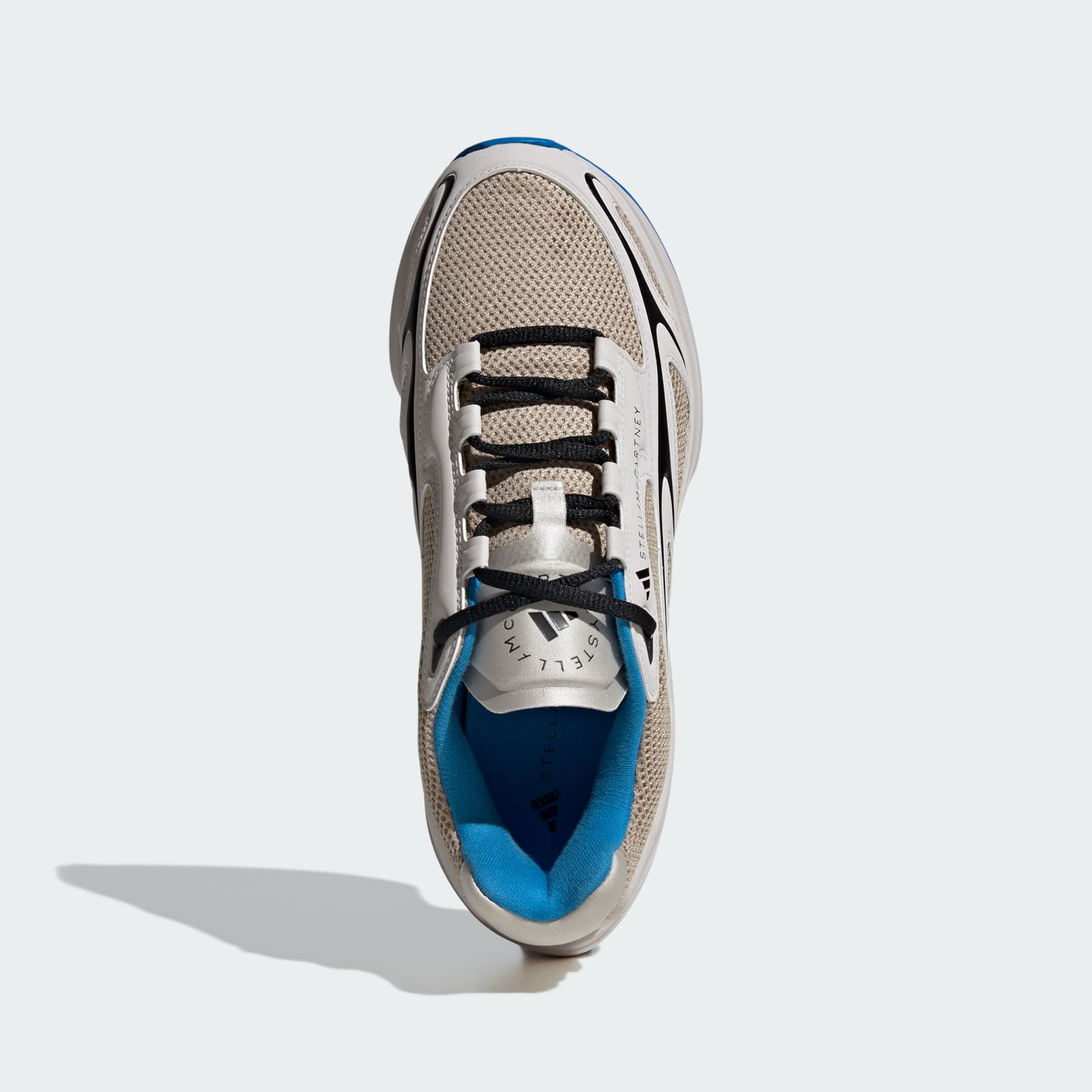 aSMC SPORTSWEAR 2000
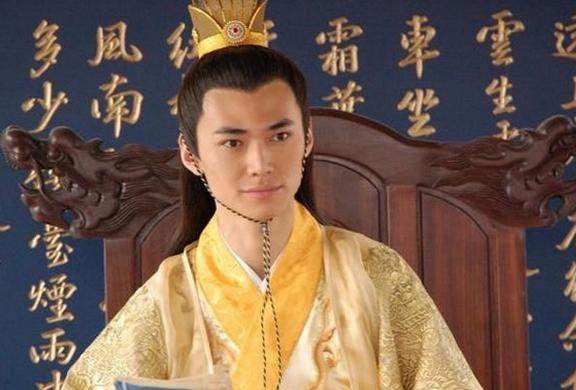 明朝时期,成化年间,巡按御史是什么方面的官职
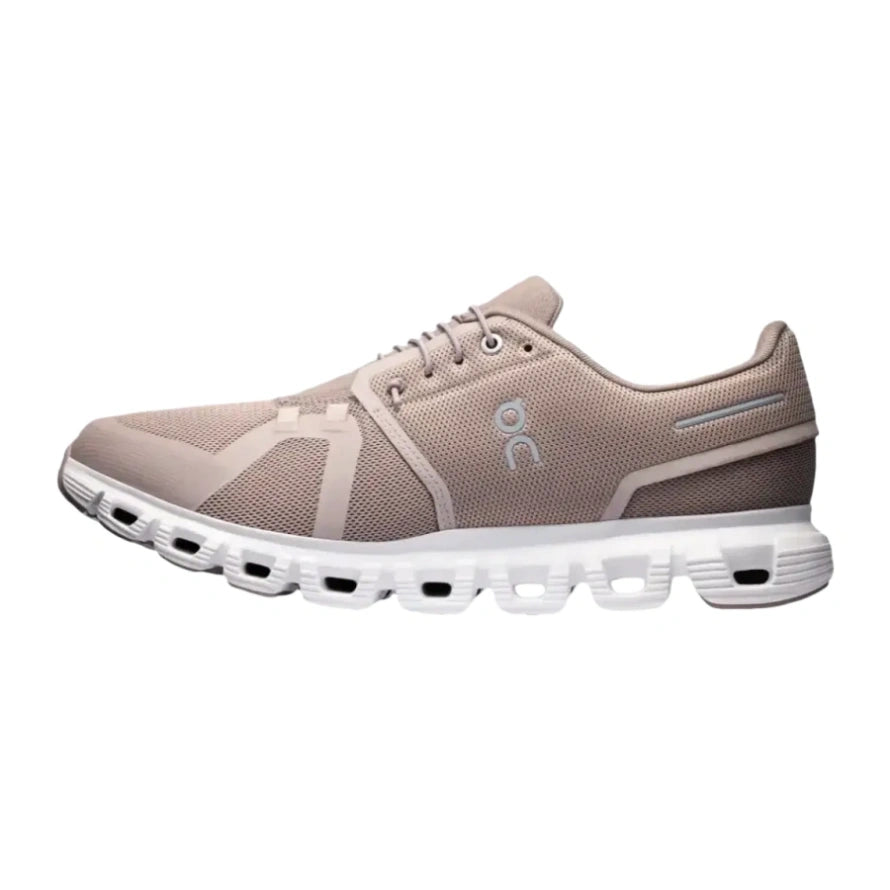 Unisex Cloud 6 Collection-2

......

● **TO DO**: Your task is to reproduce exactly the lines from the one that holds "明朝时期,成化年间,巡按御史是什么方面的官职" to the last line of the listing, and only those, omitting the pictures.

● **TASK OUTPUT**:
 明朝时期,成化年间,巡按御史是什么方面的官职
 Unisex Cloud 6 Collection-2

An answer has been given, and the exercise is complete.